Digicel expects debt levels to rise
Telecoms provider Digicel Group posted a nine per cent drop in its earnings for its fourth quarter ending March 2019, and is expecting its debt levels to rise.
The company said its earnings were impacted by one-off costs.
“We are fully committed to returning the business to a more sustainable leverage level,” said Antonia Graham, head of group communications, in response to Financial Gleaner queries about the financial results.
Digicel, which had its beginnings in Jamaica but now spans 32 markets internationally, recorded a three per cent decline in revenue for the quarter to US$570 million, but the telecoms said top-line income would have grown 1.0 per cent were it not for currency movements and other one-off costs.
Its earnings before interest, tax, depreciation and amortisation, EBITDA, totalled US$230 million in the quarter, down 9.0 per cent year-on-year.
Digicel also indicated that its net debt was projected to rise to 7.0 times its earnings in 2020, up from 6.7 times earnings in 2019. But the company said bondholders should not be overly concerned about the rise as it plans to reduce its leverage over time.
“This will take time. However, the momentum that we are beginning to see in the underlying revenues provides us with comfort that we can return the business to full-year revenue and EBITDA growth and begin to deliver organic deleveraging,” said Graham.
Digicel expects single-digit growth in its earnings in 2020, but thinks this would be sufficient to allow it room to reduce debt. It expects to see underlying revenue growth across all business segments, in particular a return to growth for the full year in its mobile business and the continued performance in business solutions and home and entertainment segments.
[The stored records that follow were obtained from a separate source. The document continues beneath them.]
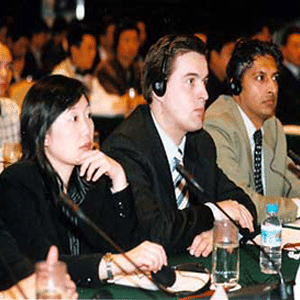 People of different nationalities sitting wearing headsets listening to someone speak at a conference center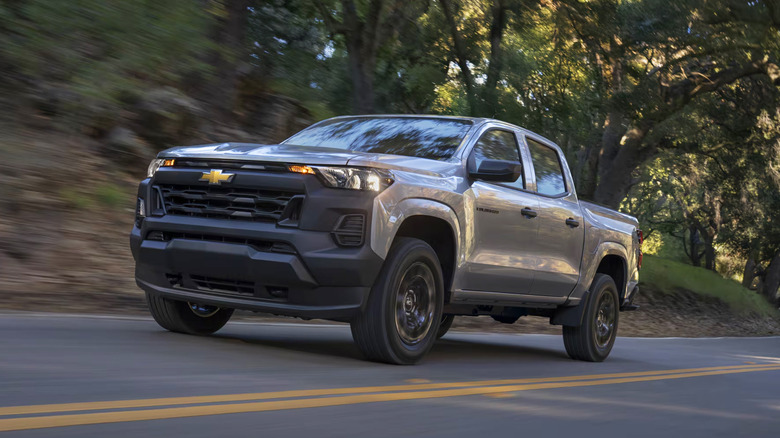 A silver 2026 Chevrolet Colorado driving on a country road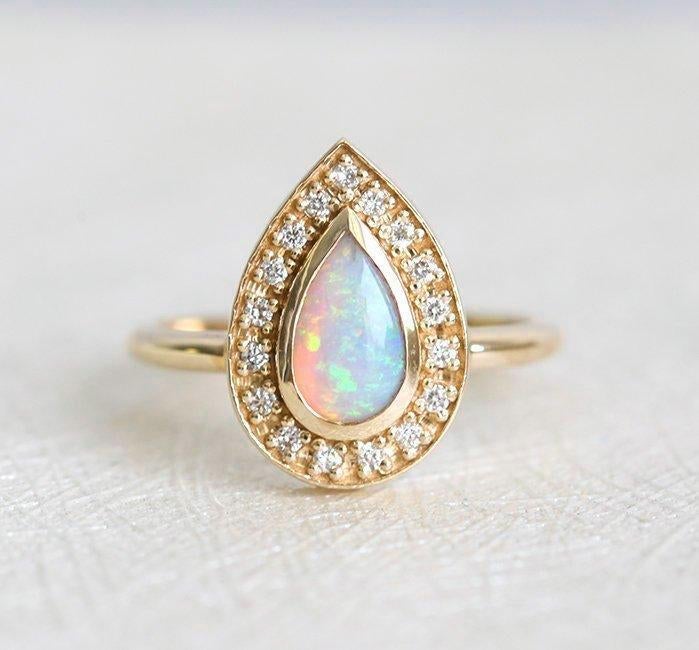 White Pear Opal Halo Yellow Gold Ring with Round White Diamonds Surrounding The Main Gemstone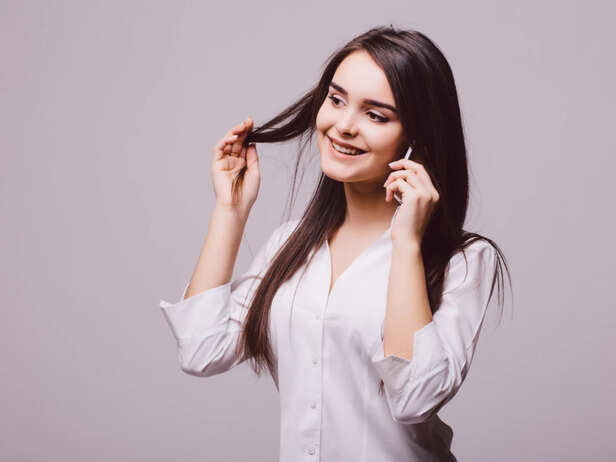 Woman checking hair strands after brushing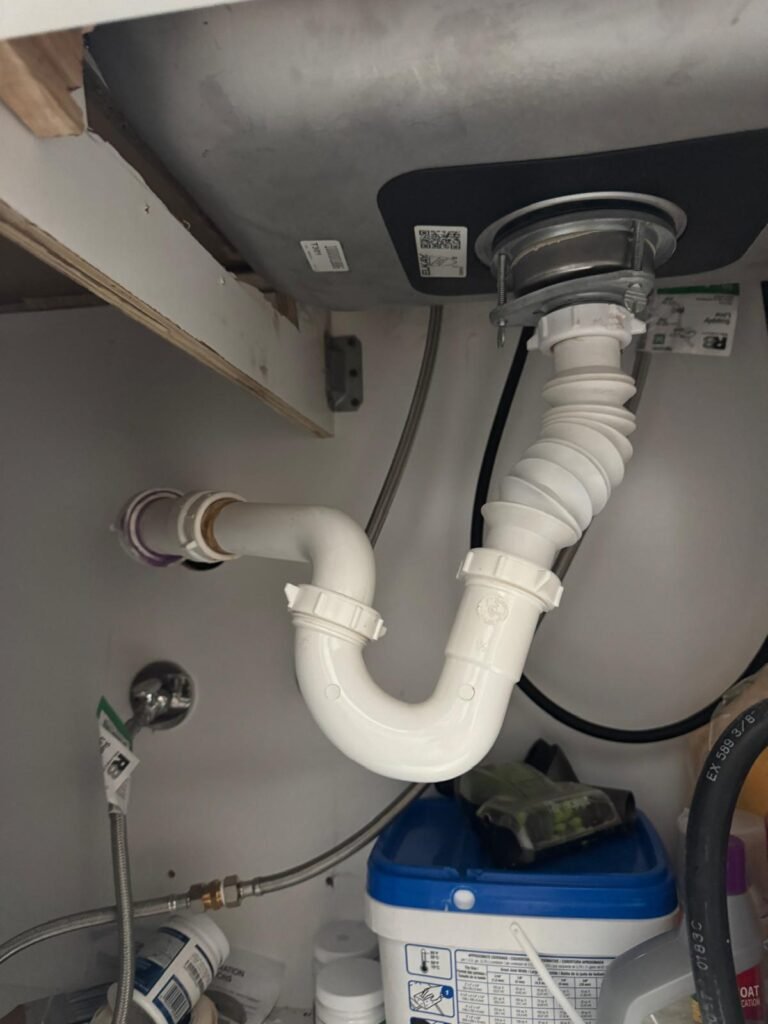 Under-Sink Plumbing Detail in Lutz, FL 33559 Under-sink plumbing detail after sewer drain unclogging in Lutz, FL 33559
Digicel said its fourth-quarter EBITDA was adversely impacted by full-year charges booked in the quarter.
Digicel, like other telecoms, continue to face challenges in monetising the shift from voice to data services. Added to that are heavy capital expenditures, one-off costs and currency movements.
The telecoms continues to meet its interest payment obligations on its bonds. However, earlier this year, Jamaica’s JMMB Group recommended that its clients sell their bonds, saying Digicel’s results, which at the time referenced its third-quarter earnings, had not improved in line with expectations, making the servicing of the bonds continuously challenging.
In January, Digicel extended the timeline for the payout of bonds due by 2020 and 2022 to 2022 and 2024, respectively. Rating agency Moody’s assigned a limited default status to the bonds following the extension, although it revised the rating to Caa1, up from Caa3. Despite the benefits from the two-year debt extension, Moody’s labelled the transaction as ‘distressed’, mainly because of Digicel’s “untenable capital structure”, with high leverage of around 6.7 times gross debt to EBITDA.